# Dell optiplex gx270 thermal error



## Jastone (Jul 3, 2005)

Hey guys,

My dell (family PC) boots up to the point where it asks whether you want to start windows normally, safe mode, etc and then straight away make a click/small beep noise and shuts off. On restart it says previous shutdown due to thermal error. I tried taking off the CPU and heatsink and re-applying thermal paste, which didn't help at all. I have also tried removing DVD/floppy drive to see if that helps. I've cleaned out the fans etc and all are working. Not sure what's going on.

Any help will greatly be appreciated!

Thanks


----------



## win2kpro (Jul 19, 2005)

Look at the Northbridge heatsink and see if it has a *Z* shaped wire running across it as shown in the attached pic.

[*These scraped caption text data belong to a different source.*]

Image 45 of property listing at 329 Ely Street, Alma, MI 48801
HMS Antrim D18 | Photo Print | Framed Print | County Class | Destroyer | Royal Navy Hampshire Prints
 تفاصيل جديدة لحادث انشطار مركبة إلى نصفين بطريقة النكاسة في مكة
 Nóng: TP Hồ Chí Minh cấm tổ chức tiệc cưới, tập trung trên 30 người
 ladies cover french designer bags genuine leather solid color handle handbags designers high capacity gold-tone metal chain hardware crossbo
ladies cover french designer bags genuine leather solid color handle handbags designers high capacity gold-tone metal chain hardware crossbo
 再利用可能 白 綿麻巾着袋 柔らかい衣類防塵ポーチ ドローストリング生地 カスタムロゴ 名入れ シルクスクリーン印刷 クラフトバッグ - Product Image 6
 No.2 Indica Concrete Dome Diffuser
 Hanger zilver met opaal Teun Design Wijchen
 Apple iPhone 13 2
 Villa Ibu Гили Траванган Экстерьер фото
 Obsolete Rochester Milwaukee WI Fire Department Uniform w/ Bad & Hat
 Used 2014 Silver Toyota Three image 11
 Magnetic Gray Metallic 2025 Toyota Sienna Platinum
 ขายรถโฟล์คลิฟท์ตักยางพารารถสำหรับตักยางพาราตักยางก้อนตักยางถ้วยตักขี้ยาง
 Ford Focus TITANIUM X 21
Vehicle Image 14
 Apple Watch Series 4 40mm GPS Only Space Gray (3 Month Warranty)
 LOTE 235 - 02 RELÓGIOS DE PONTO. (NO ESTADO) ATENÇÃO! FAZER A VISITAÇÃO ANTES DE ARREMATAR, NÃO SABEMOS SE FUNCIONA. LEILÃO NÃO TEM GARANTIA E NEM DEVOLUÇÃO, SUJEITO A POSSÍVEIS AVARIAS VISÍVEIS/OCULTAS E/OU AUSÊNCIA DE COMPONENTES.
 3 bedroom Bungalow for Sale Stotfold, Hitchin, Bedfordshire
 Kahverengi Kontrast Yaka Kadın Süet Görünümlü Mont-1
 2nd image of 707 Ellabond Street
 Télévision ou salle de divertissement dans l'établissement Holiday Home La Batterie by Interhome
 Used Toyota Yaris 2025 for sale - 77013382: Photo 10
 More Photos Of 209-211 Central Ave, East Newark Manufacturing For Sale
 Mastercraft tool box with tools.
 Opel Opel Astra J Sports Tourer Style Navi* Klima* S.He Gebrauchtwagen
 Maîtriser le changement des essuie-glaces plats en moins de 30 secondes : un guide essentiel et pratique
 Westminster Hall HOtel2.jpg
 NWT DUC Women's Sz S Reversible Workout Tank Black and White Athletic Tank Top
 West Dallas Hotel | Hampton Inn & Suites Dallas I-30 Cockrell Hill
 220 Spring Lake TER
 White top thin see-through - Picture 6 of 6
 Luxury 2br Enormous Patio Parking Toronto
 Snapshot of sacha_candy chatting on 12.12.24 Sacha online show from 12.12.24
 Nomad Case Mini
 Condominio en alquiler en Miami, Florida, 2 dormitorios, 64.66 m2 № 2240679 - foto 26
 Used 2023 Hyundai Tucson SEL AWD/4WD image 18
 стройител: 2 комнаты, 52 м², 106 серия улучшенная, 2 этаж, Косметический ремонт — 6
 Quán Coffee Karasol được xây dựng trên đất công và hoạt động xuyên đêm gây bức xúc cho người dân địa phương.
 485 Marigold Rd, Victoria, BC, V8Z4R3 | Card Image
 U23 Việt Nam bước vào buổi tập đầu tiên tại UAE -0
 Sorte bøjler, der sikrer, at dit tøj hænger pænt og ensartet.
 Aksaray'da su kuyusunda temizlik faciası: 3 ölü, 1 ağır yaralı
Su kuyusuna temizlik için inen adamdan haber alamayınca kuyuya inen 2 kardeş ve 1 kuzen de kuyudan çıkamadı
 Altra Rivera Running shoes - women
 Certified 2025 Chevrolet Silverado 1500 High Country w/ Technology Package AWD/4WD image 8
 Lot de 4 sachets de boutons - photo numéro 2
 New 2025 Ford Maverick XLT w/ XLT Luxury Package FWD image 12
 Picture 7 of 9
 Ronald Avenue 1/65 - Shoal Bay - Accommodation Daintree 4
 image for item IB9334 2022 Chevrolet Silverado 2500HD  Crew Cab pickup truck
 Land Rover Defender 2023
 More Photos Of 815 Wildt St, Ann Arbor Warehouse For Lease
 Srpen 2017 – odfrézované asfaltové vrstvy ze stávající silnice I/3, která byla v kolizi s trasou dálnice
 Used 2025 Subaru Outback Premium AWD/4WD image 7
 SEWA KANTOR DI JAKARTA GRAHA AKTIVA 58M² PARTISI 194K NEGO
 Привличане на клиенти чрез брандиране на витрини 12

On some Dell machines instead of the *Z* shaped wire there will be two *U* shaped wires running across the heatsink. Whether it is one* Z* shaped wire or two *U* shaped wires the ends of the wires will be connected to "eyes" on the motherboard.

These wires are part of the temperature sensing circuit. If one of the "eyes" connected to the motherboard is broken off you will get an overheating error.


----------



## Lurker1 (Jan 30, 2001)

You should also check for bad capacators around the headsink. The GX270 boards are some that fail. See if the caps have a X on the bottom and are not flat on the bottom.

http://www.badcaps.net/


----------



## jgblake (Dec 29, 1998)

Would that be the problem if it will not boot in regular mode, but boot and run fine in safe mode, as mine is now doing?
Jim


----------